▶ [Supplied entries]

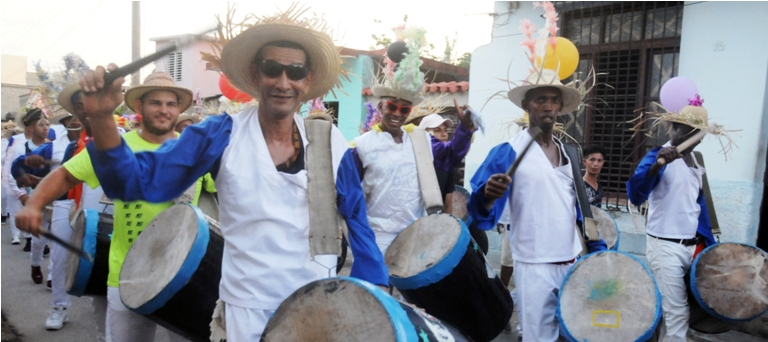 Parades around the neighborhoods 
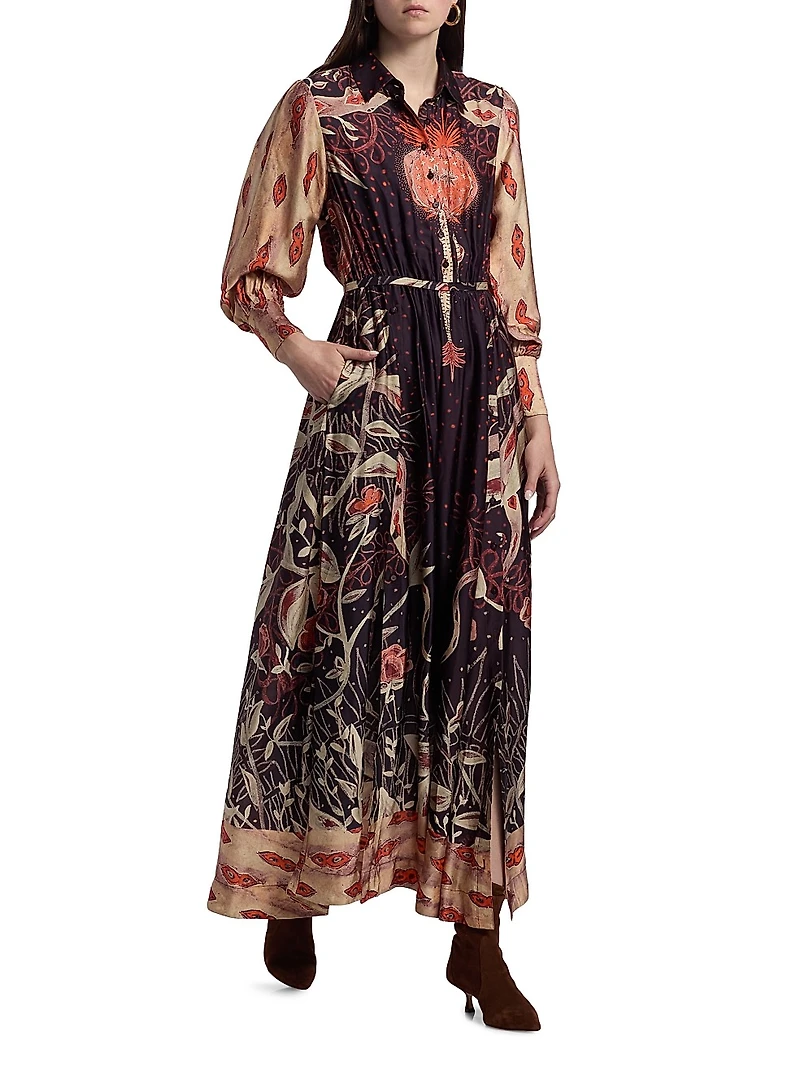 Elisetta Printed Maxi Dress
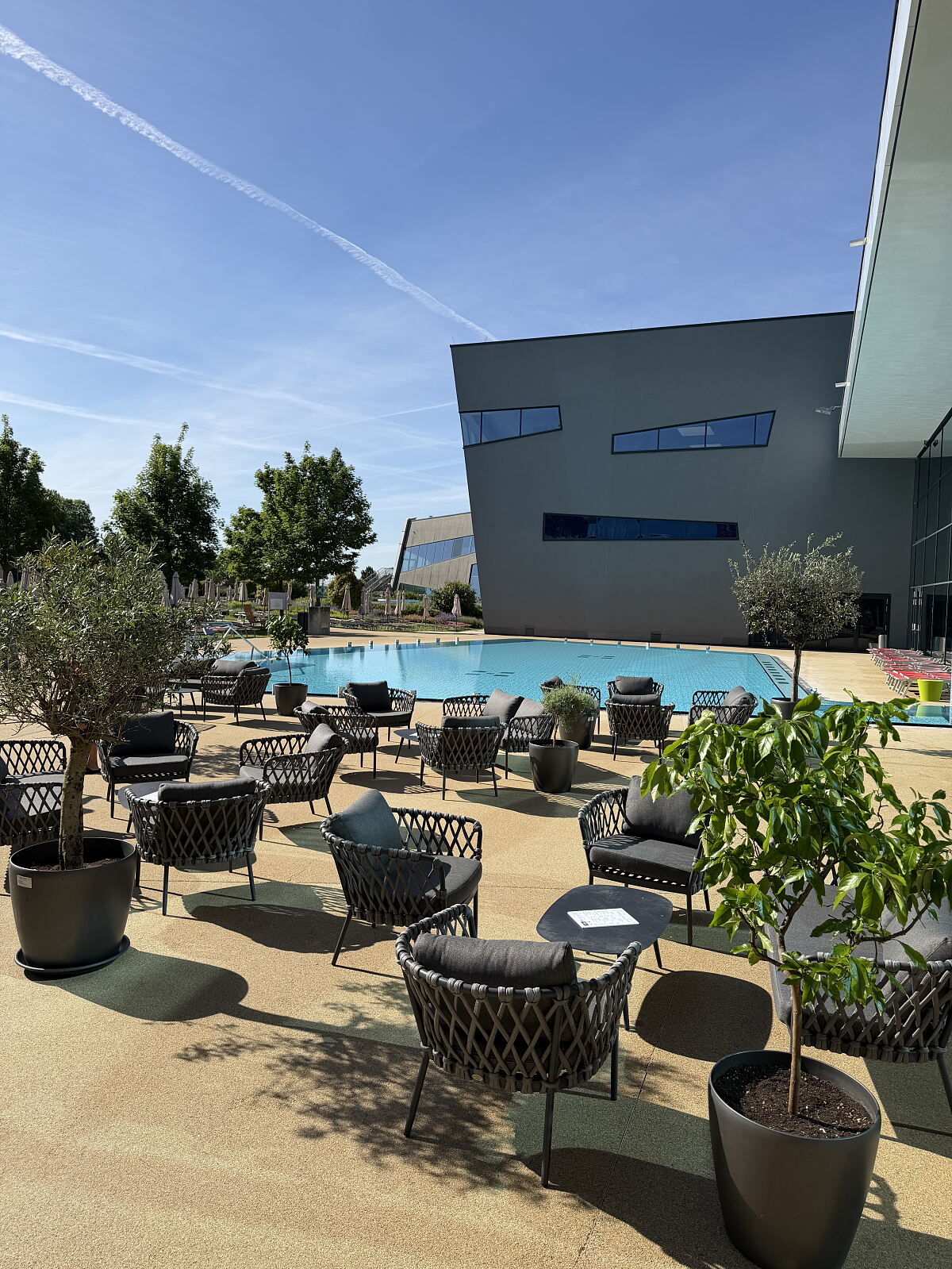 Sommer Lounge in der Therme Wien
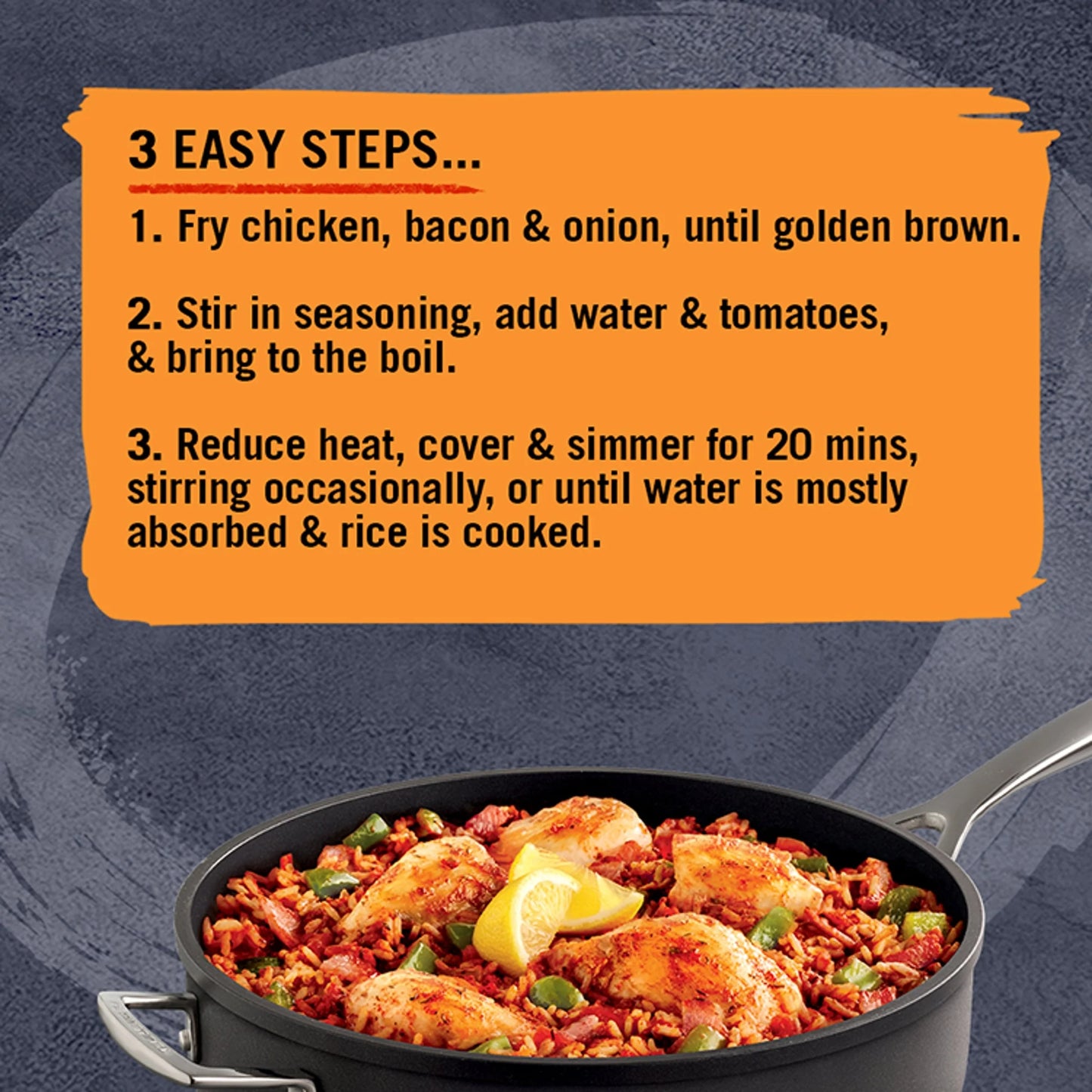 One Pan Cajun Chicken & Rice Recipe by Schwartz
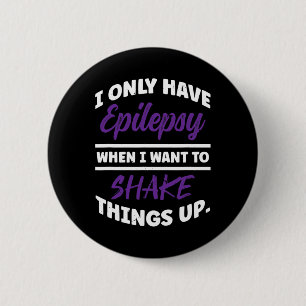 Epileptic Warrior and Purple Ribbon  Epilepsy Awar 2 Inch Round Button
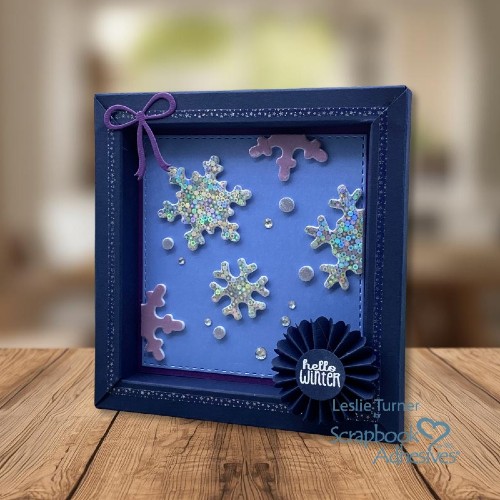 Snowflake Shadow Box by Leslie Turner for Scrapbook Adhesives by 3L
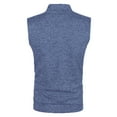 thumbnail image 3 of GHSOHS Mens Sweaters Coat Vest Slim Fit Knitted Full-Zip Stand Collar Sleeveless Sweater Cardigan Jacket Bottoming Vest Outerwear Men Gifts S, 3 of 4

---

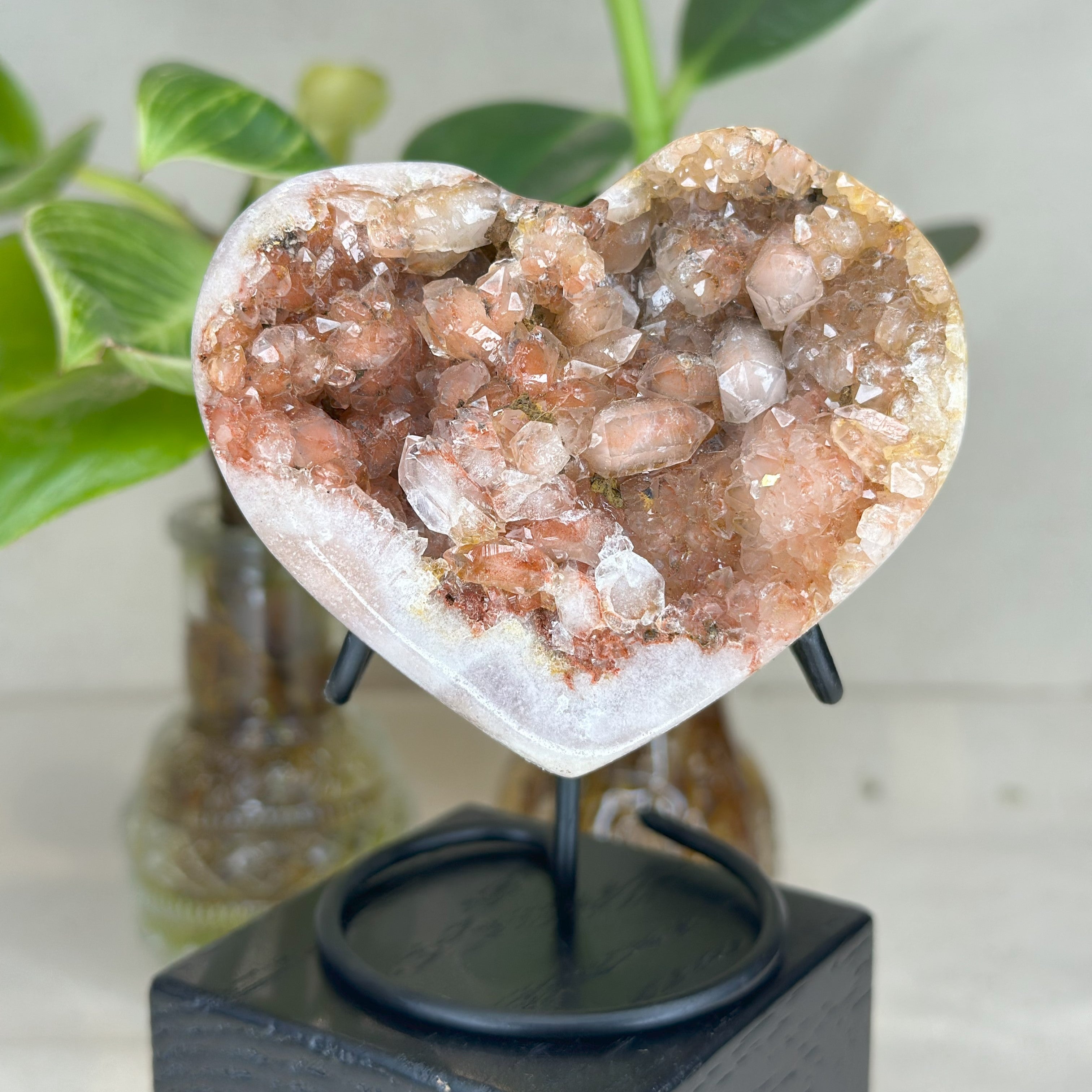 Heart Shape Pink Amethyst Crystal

▶ [Work order] Using the data above, copy exactly the lines from the one containing "One Pan Cajun" to the one containing "thumbnail image 3", inclusive. Exclude the pictures.

▶ [Response area]
 One Pan Cajun Chicken & Rice Recipe by Schwartz
 Epileptic Warrior and Purple Ribbon  Epilepsy Awar 2 Inch Round Button
 Snowflake Shadow Box by Leslie Turner for Scrapbook Adhesives by 3L
 thumbnail image 3 of GHSOHS Mens Sweaters Coat Vest Slim Fit Knitted Full-Zip Stand Collar Sleeveless Sweater Cardigan Jacket Bottoming Vest Outerwear Men Gifts S, 3 of 4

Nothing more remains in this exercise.